▶ [WHAT IS EXPECTED]
Each record that follows goes into your reply unchanged; the pictures do not.

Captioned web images
▼▼▼

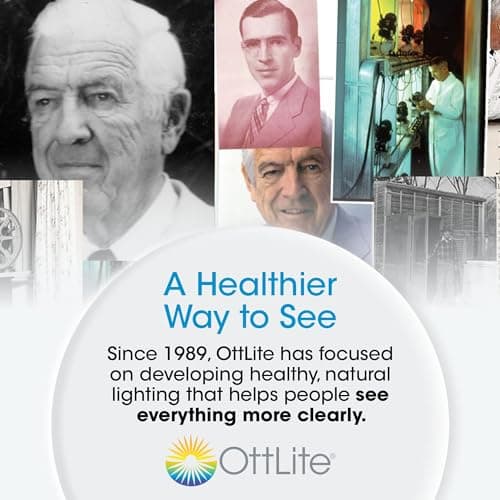 OttLite LED Soft Touch Desk Lamp - 3 Brightness Settings with Energy Efficient Natural Daylight LEDs - Adjustable Flexible Neck & Touch Controls for Tabletops, Home Office, Computer Desk, & Dorms 6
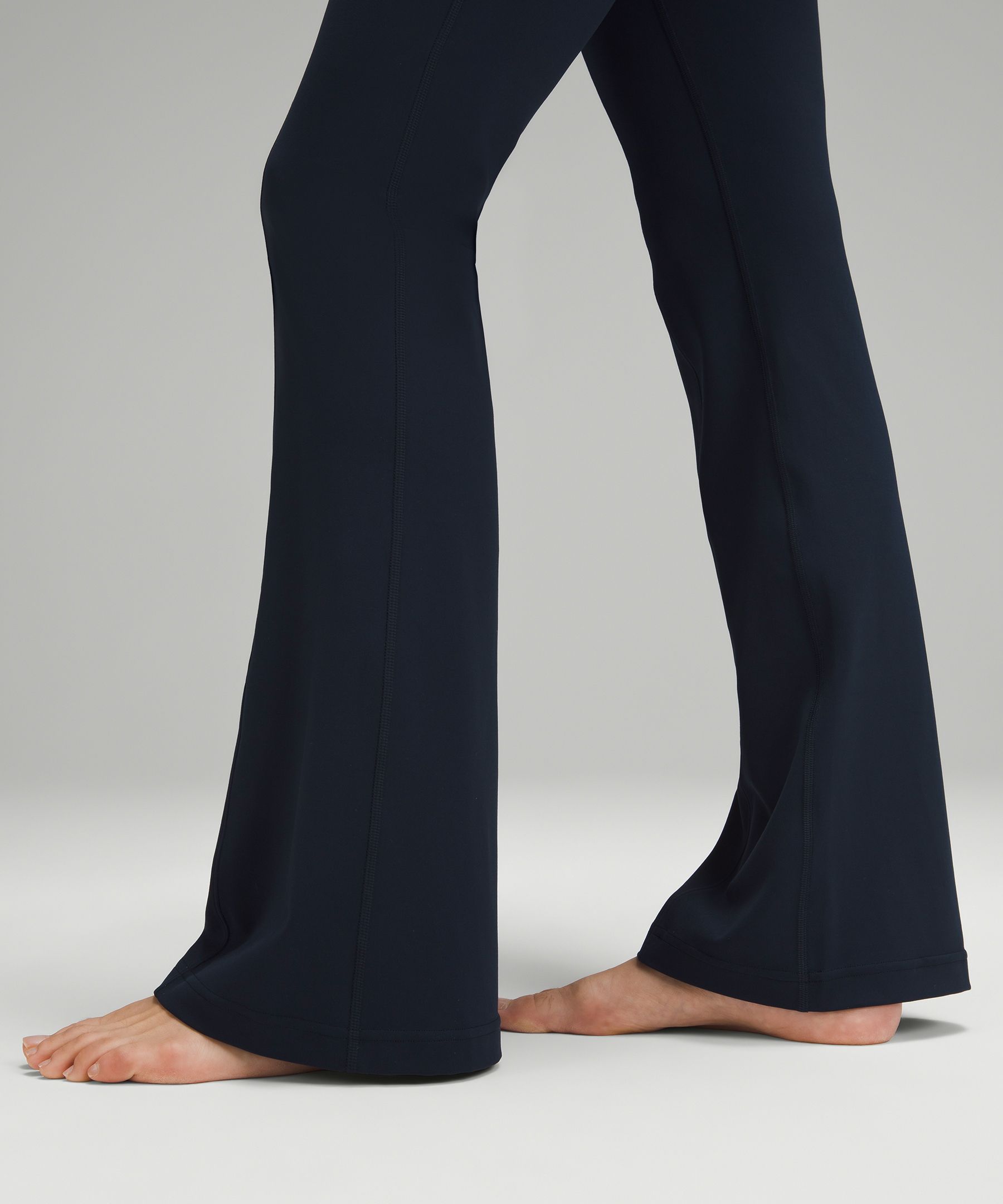 lululemon athletica, Pants & Jumpsuits, Lululemon Athletica Black Groove  Pant Flared Align Leggings Caspian Blue Quilt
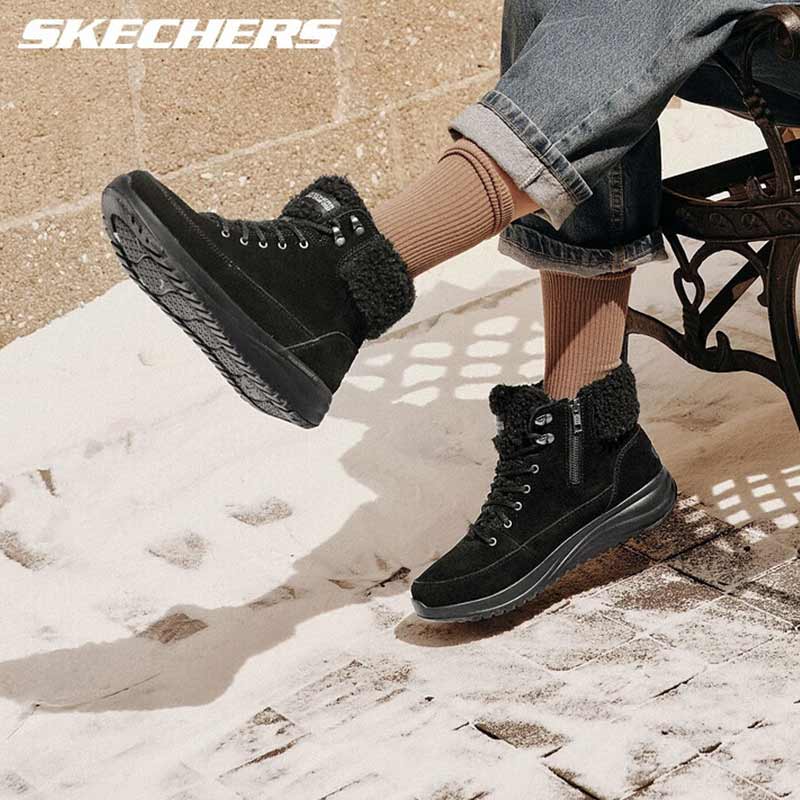Skechers vinterstøvle - Sort - Seniorshop
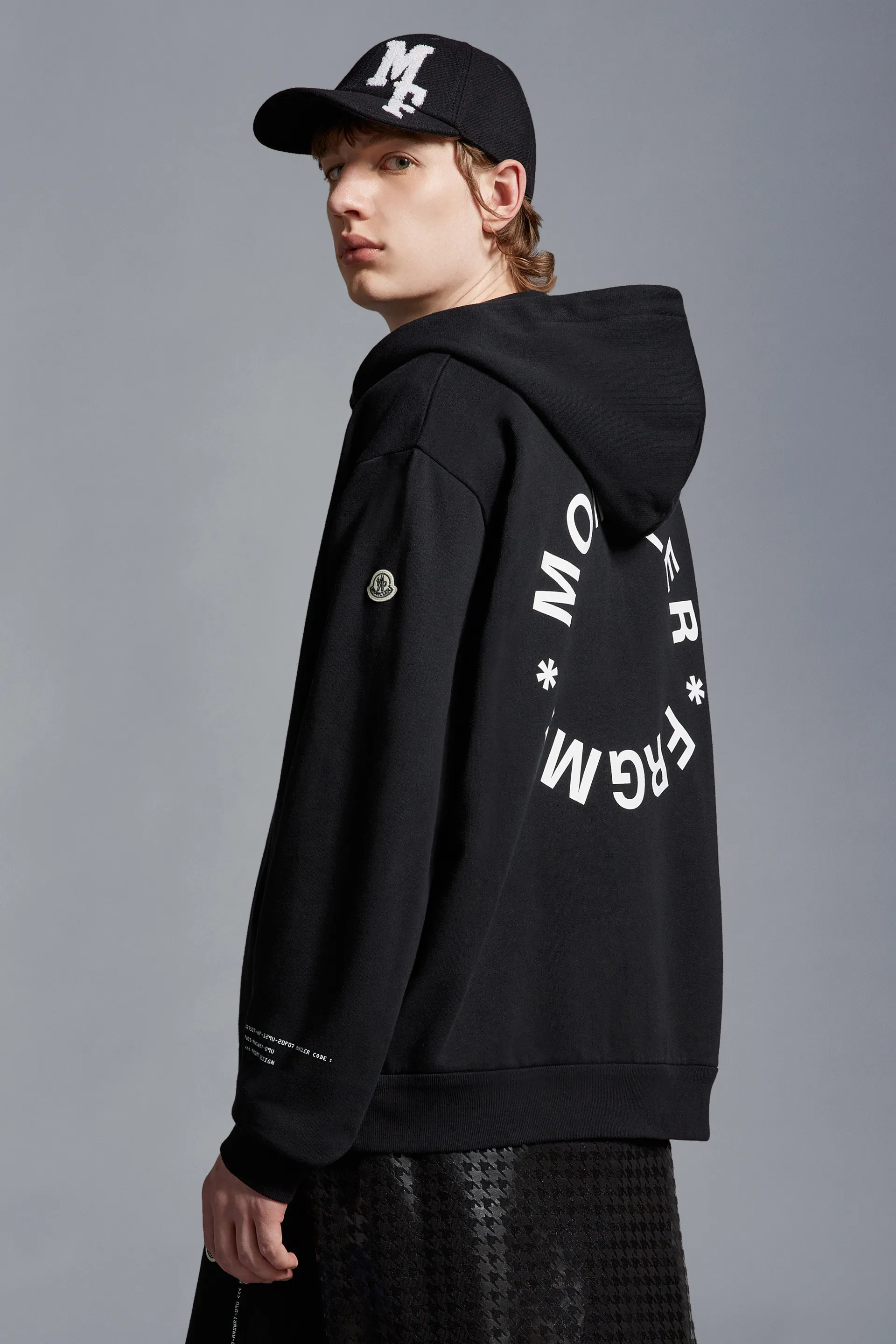 MONCLER  |Logo Motif Zip-Up Hoodie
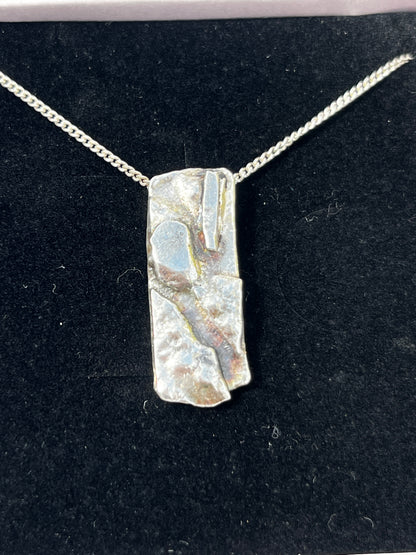 Sterling silver pendant - Drift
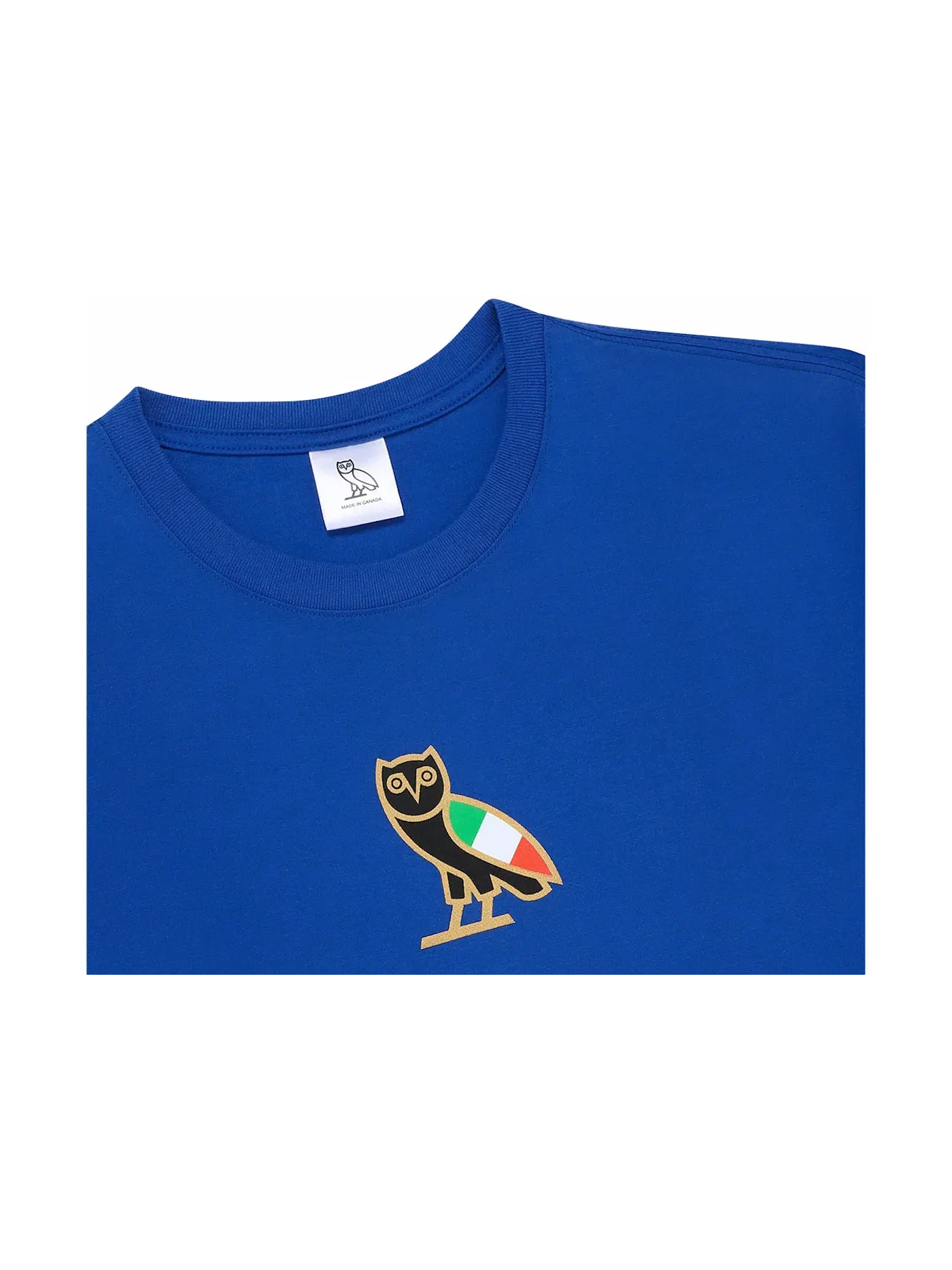 Мужская футболка с принтом OVO Italy Mini OG Owl T-shirt OVO — изображение 2 из 2, синий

▲▲▲

▶ [TASK OUTPUT]
 OttLite LED Soft Touch Desk Lamp - 3 Brightness Settings with Energy Efficient Natural Daylight LEDs - Adjustable Flexible Neck & Touch Controls for Tabletops, Home Office, Computer Desk, & Dorms 6
 lululemon athletica, Pants & Jumpsuits, Lululemon Athletica Black Groove  Pant Flared Align Leggings Caspian Blue Quilt
Skechers vinterstøvle - Sort - Seniorshop
 MONCLER  |Logo Motif Zip-Up Hoodie
 Sterling silver pendant - Drift
 Мужская футболка с принтом OVO Italy Mini OG Owl T-shirt OVO — изображение 2 из 2, синий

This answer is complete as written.